Dial Back Counterinsurgency in Afghanistan Now, Think Tank Says

If you’re following the news about Afghanistan, you’re aware that key representatives from across the world are meeting this week in Bonn, Germany, to discuss what’s needed in the country’s future.

Already, Afghanistan President Hamid Karzai has made headlines — and raised eyebrows — in Bonn by saying his country will need billions of dollars per year in U.S. financial assistance until at least 2024, 10 years after the expected 2014 departure of combat troops.

In conjunction with the conference, an influential Washington think tank rolled out a new policy brief today — and its members are calling for an overhaul in how military commanders downrange operate.

The U.S. military should “design and request a post-October 2012 force structure primarily focused on advising and enabling the ANSF [Afghan National Security Force] to replace U.S. combat units in counterinsurgency operations,” said the policy brief by the Center for a New American Security.

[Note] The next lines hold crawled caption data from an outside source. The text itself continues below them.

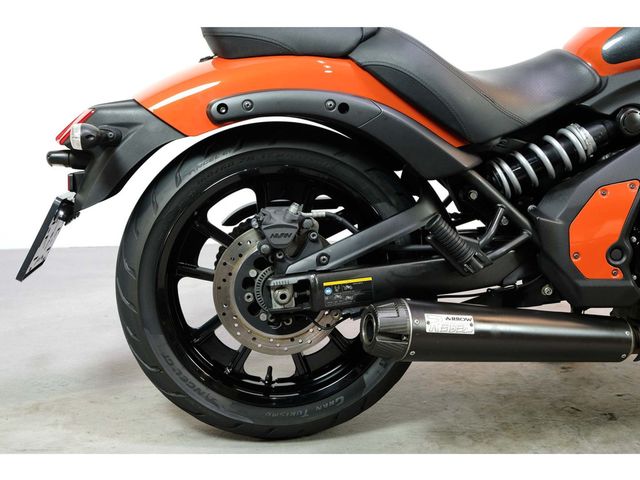 kawasaki - vulcan-s-performance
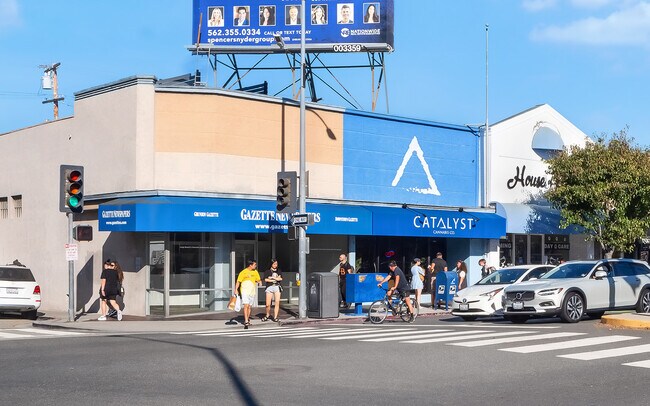 Plus de détails pour 5225-5227 E. 2nd St. – Commerce de détail à vendre, Long Beach, CA
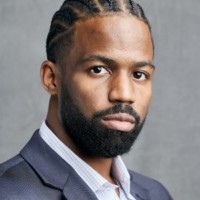 Damian Howard
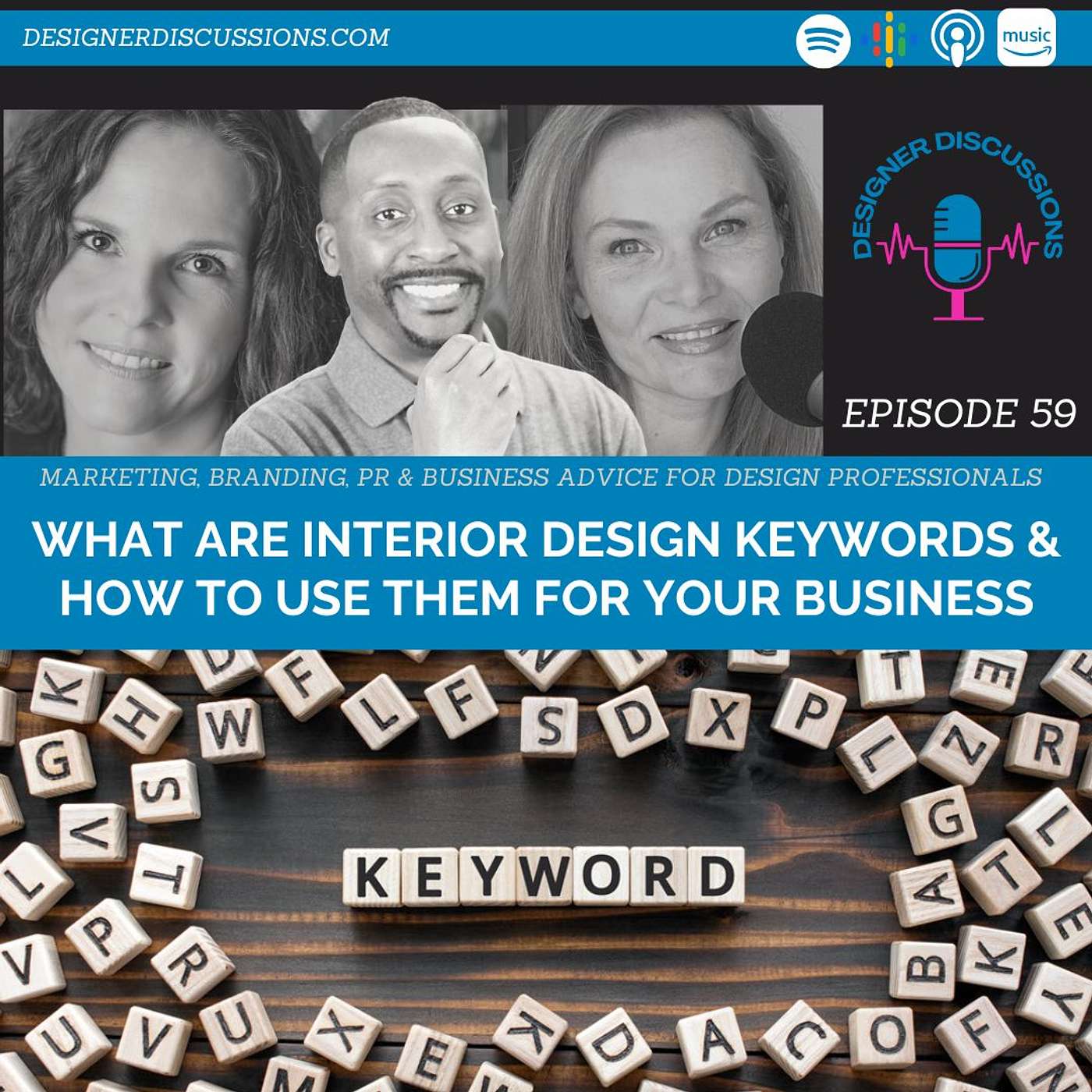 Designer Discussions : Remodeling Business Marketing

The paper is by retired Army Lt. Gen. David Barno, Dr. Andrew Exum and Matthew Irvine, and posted online here.

Perhaps most notably for service members, the paper suggests that the Marine Corps and Army reorganize to create specialized “advise and assist” units whose members specifically work alongside Afghan forces in Afghan-led missions.

Too frequently, battalion commanders and other military officers have taken Afghan forces along on missions, but left them with few details in the planning process, Exum said today. While that’s easier and frequently more effective on a mission-to-mission basis, he said, it doesn’t ask enough of the Afghans and leaves questions whether they’ll be ready for primetime when the U.S. is gone.

“If you give a commander a reason not to partner, he will take it,” said Exum, who led Army Ranger platoons in Iraq and Afghanistan. “There’s always a tactical reason” not to partner, he said.

CNAS recommended not implementing any large-scale changes now because units who already have trained are either in the chute to deploy or already are downrange. They’ve prepared for the mission as they saw it, so switching gears significantly could cause more problems than it’s worth, the analysts said.

The report is noteworthy because the White House has relied on CNAS to varying degrees in the past as it develops defense policy.

Also of note: While the paper’s authors all believe the White House will stick with its announced plans to drawdown the force in Afghanistan by 2014, they doubted it will be to zero troops. Expect that an extended U.S. presence focused heavily on mentoring and partnering is likely, even if its a small fraction of the force currently deployed, they said.